**INPUT DATA**
= Beginning of Section =

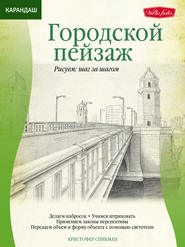 бесплатно читать книгу Карандаш. Городской пейзаж автора Кристофер Спикман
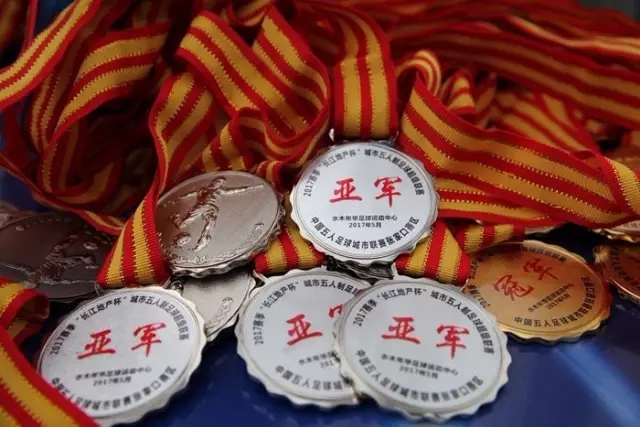 关于乐玩国际网站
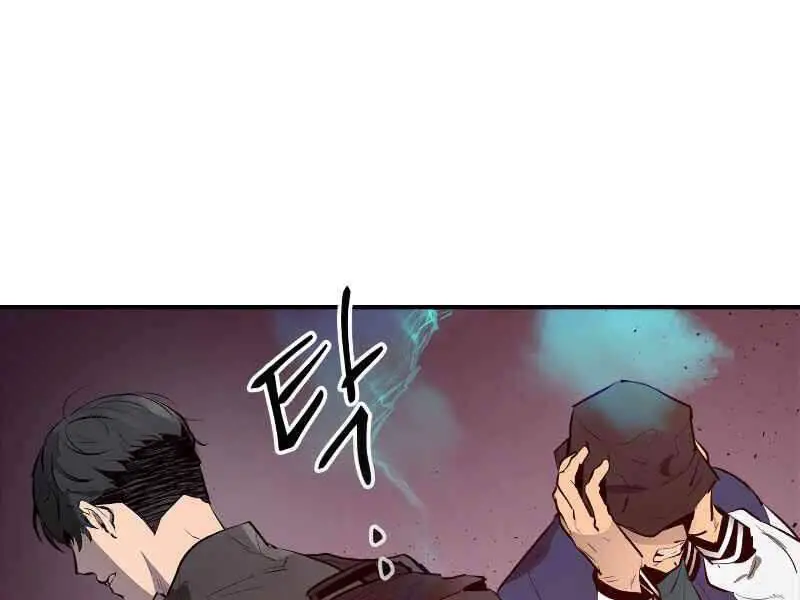 Thăng Cấp Cùng Thần Nettruyen ZZZ Chương 2 Page 132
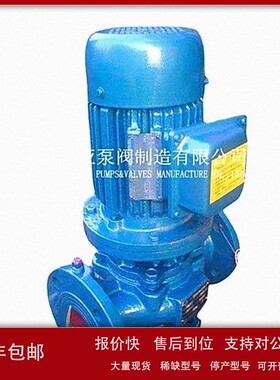 上海厂家销售ZILMET-ISG350-315加压380V管道泵 空调制冷泵 议价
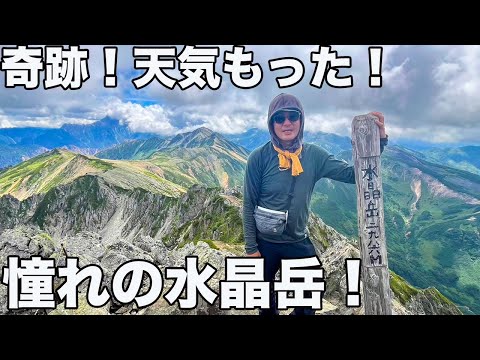 【遠すぎる！】天気予報最悪の中、絶景で水晶岳山頂を踏んだ！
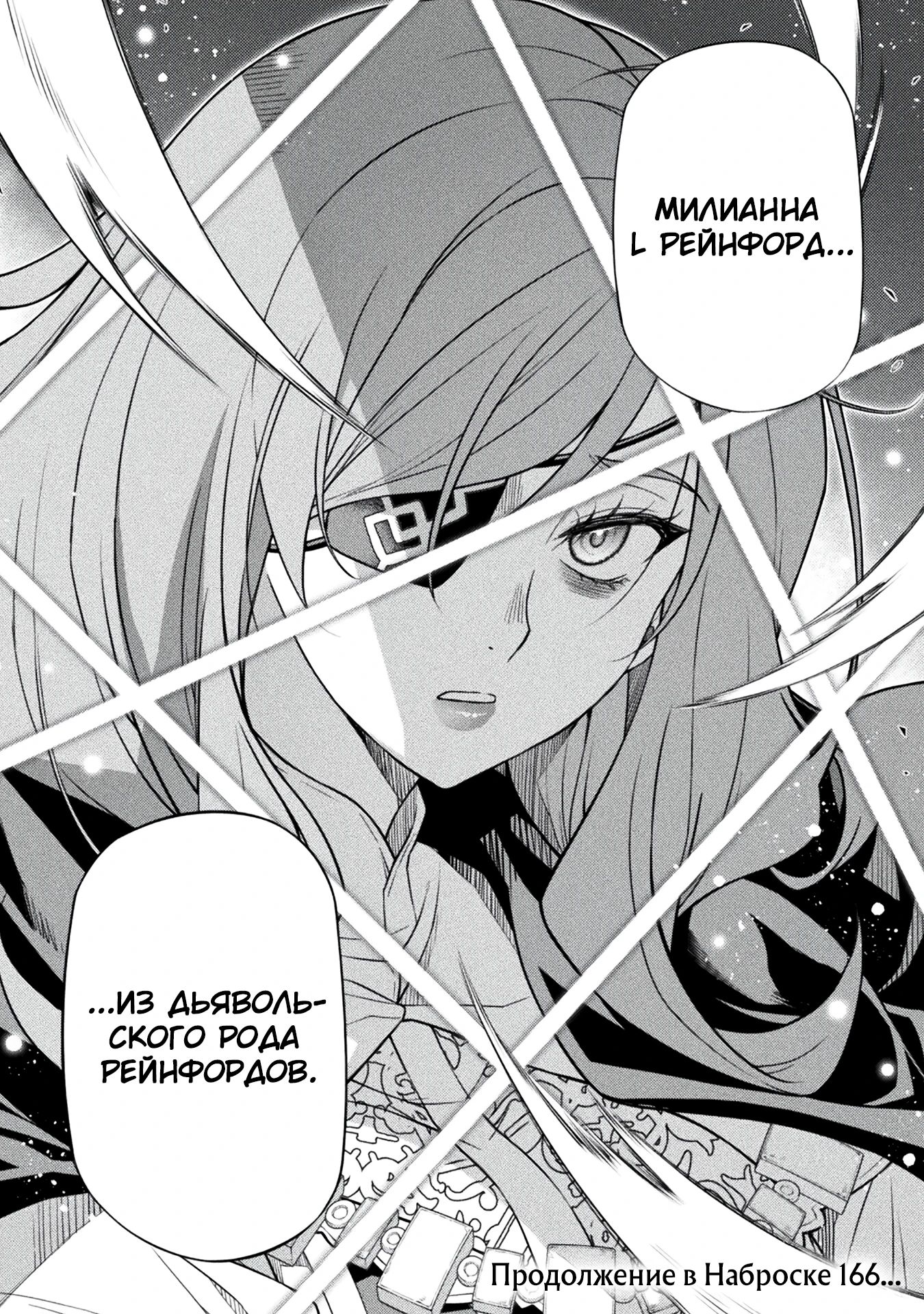 Манга Рисование: Величайший Мангака становится лучшим "боевым художником" в другом мире! - Глава 165 Страница 15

= End of Section =

**EXERCISE AIM**
Restate the whole listing above exactly, except for its images.

**PROBLEM SOLUTION**
 бесплатно читать книгу Карандаш. Городской пейзаж автора Кристофер Спикман
 关于乐玩国际网站
 Thăng Cấp Cùng Thần Nettruyen ZZZ Chương 2 Page 132
 上海厂家销售ZILMET-ISG350-315加压380V管道泵 空调制冷泵 议价
 【遠すぎる！】天気予報最悪の中、絶景で水晶岳山頂を踏んだ！
 Манга Рисование: Величайший Мангака становится лучшим "боевым художником" в другом мире! - Глава 165 Страница 15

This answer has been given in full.